Quando arrivò il 6 Dicembre 1945 gli studenti delle Scuole Medie fiumane si accordarono di festeggiare San Nicolò e a non presentarsi a scuola. Era in tutti il ricordo amaro di quando frequentando le Elementari dovevamo lasciare i doni che il Santo ci aveva portato in quella notte magica. Il Regime fascista era contrario che si celebrasse quella festa perché in antitesi con la Befana Fascista del 6 Gennaio, ma ora che la “libertà” era arrivata, era un’altra cosa. Fu uno sciopero? Una serrata? Certamente non fu un gesto politico. L’adesione fu totale e le scuole medie rimasero vuote, ma ciò provocò la reazione violenta del nuovo Regime, che mobilitò gli operai del Cantiere navale per la repressione di quel gesto reazionario, considerato un nefasto sciopero capitalista.
E venne poi il Santo Natale, che non avrebbe dovuto essere celebrato secondo il nuovo regime comunista ateo, ma ci furono lo stesso molti coraggiosi che – per paura di possibili delazioni – arredarono il presepe dentro gli armadi di casa. Ci si affidava alla Chiesa per conservare le nostre tradizioni di identità fiumana e italiana. La Cattedrale di San Vito per la funzione della Notte Santa del 1945 era gremita, strapiena. Non ci furono irruzioni o minacce, ma nella piazza i giannizzeri dell’ateismo buttavano bombe a mano sulla vicina casa in macerie e sparavano con i mitra per disturbare le Funzioni spaventando i Celebranti e i fedeli.
Mentre l’ateismo comunista diventava legge, la proprietà privata era soppressa e i negozianti erano diventati commessi anziché padroni, e alla fine della settimana dovevano presentare i conti e gli incassi ai nuovi amministratori cittadini. Le fabbriche erano diventate cooperative, gli operai politicizzati, la meritocrazia abolita e le paghe livellate, cioè quelle degli ingegneri erano parificate a quelle degli operai e quelle dei Maestri a quelle dei bidelli.
I Tribunali Militari e i Giudici Popolari – non essendo riusciti a mettere le mani su coloro che consideravano criminali di guerra come ad esempio gli alti gradi dei comandi italiani, il prefetto e il questore di Fiume, il comandante tedesco SS – giudicavano e condannavano i reazionari, semplici cittadini che non volevano adeguarsi ai nuovi doveri dittatoriali del popolo lavoratore, ad ammende o reclusioni fino ai lavori forzati e alla confisca dei beni.
Sin da subito il nuovo Padrone di Fiume Colonnello Antun Kargacin emanò l’Ordinanza per l’obbligo della Leva Militare per migliaia di giovani fiumani nati dal 1900 al 1927, che furono “deportati” in Bosnia indossando la divisa militare jugoslava. Lo scopo? Toglierli dalla città nei giorni in cui la Delegazione dei 4 Grandi sarebbe arrivata per accertare l’italianità o la slavità di Fiume.

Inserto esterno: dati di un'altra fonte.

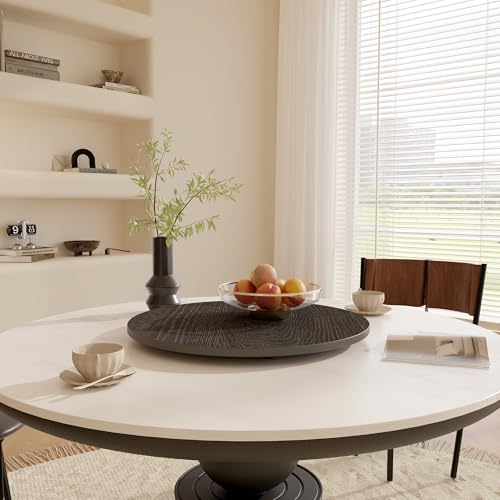 19.69" Sintered Stone Lazy Susan for Table Top (Black Wood / 50CM)
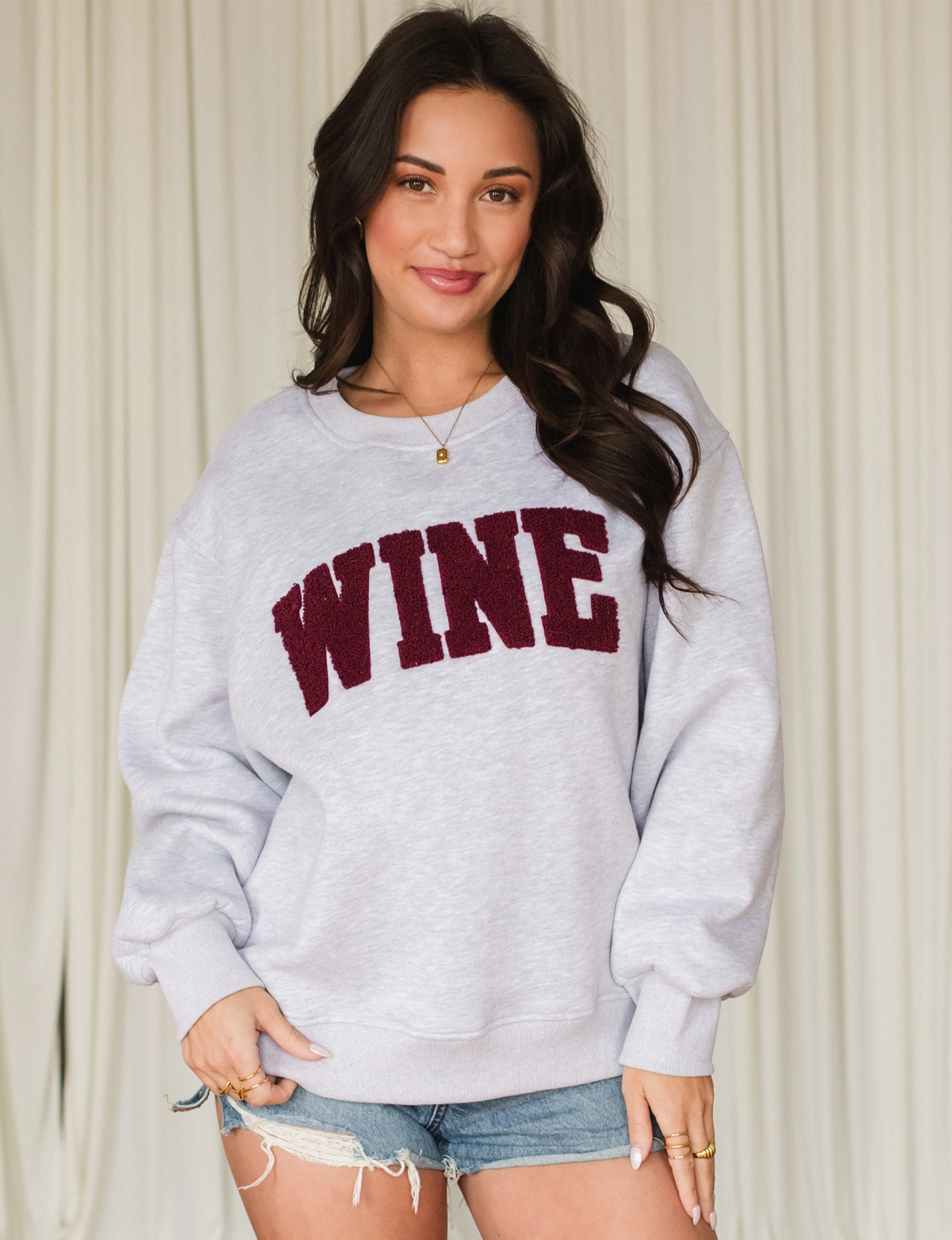 Wine Sweater, Grey/Burgundy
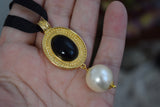 Renaissance Black Stone and Pearl Pendant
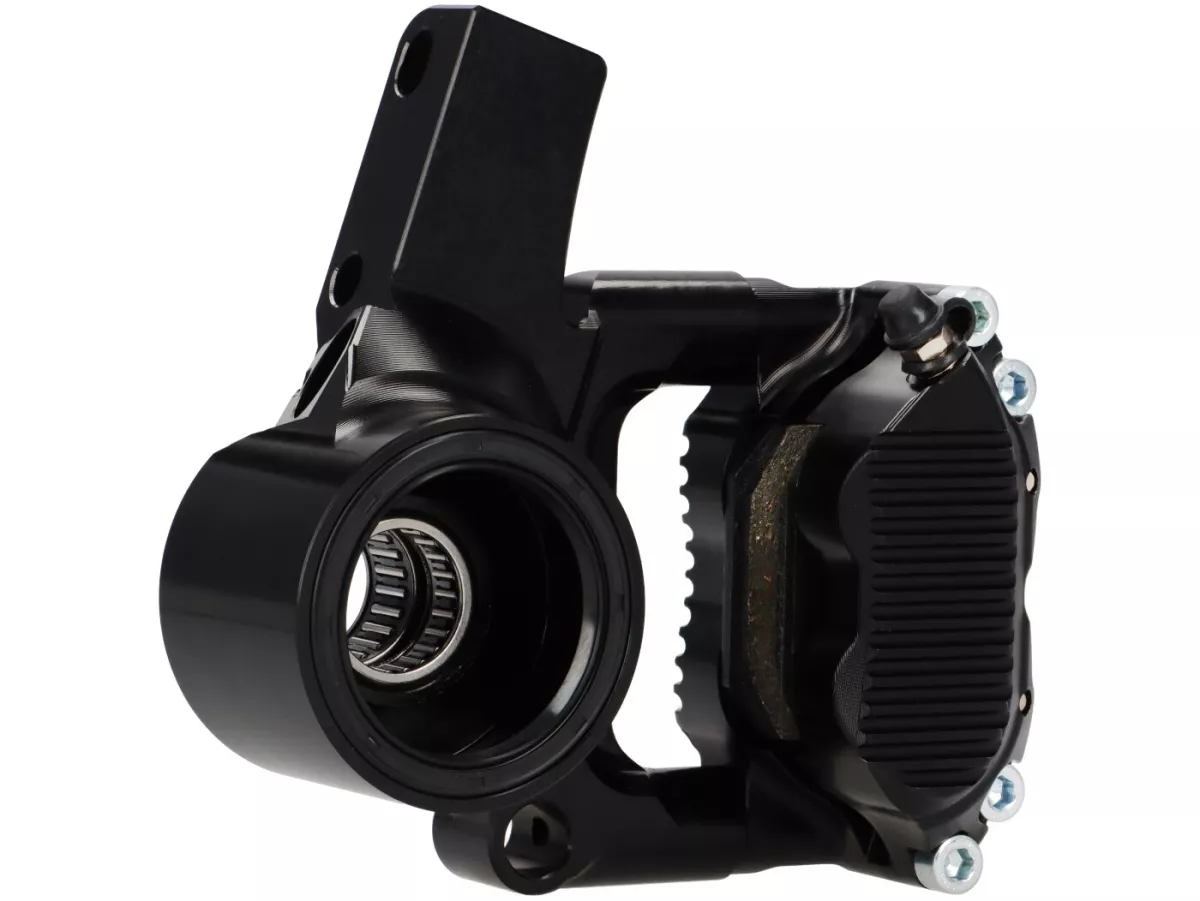 Kit completo de freno delantero - Freno radial BGM PRO SPORT de 4 pistones con adaptador fresado CNC incl. certificado TÜV - adecuado para LML Star/Stella - negro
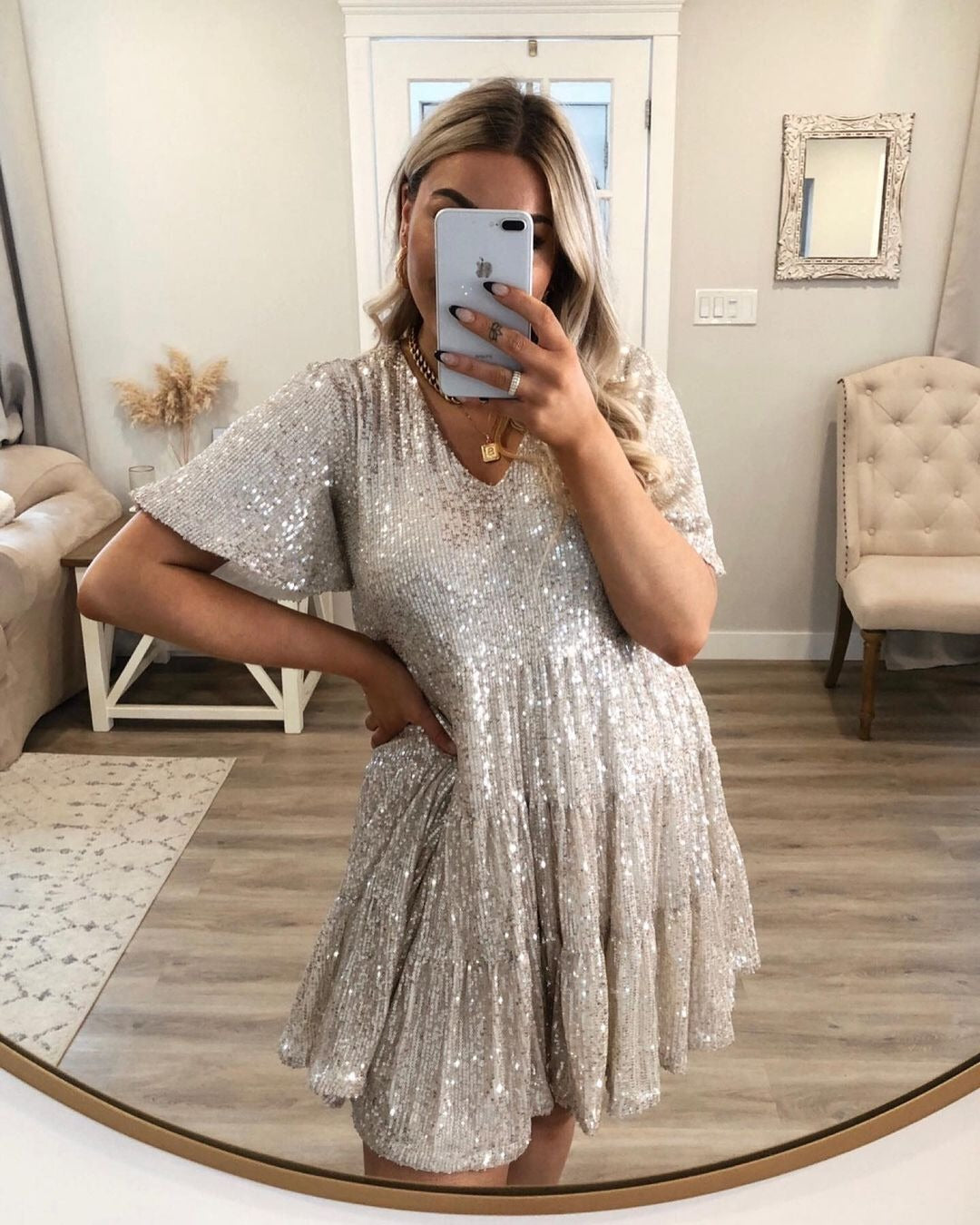 Sequin Round Neck Loose Waist Dress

Nelle fabbriche era molto in uso anche l’epurazione giustificata con il logoro status di reazionario o nemico del popolo. E anche gli antifascisti pagavano la loro opposizione ai nuovi arrivati come Giovanni Stercich, ex Segretario di Riccardo Zanella, che fu esule durante il ventennio fascista e promotore di iniziative autonomiste dopo il 1943.
Nelle scuole furono diminuite le ore di italiano e latino, introdotto l’insegnamento obbligatorio della lingua croata e sostituito il tedesco. Poiché il Corpo Insegnanti si era rifiutato di sottoscrivere una petizione per l’annessione di Fiume alla Jugoslavia, i professori a ruolo furono ridotti da 110 a 31 e sostituiti con elementi fidati. L’autorità degli insegnanti fu poi azzerata venendo nominati i bidelli quali fiduciari di istituto e creati comitati studenteschi con funzioni di controllo e propaganda.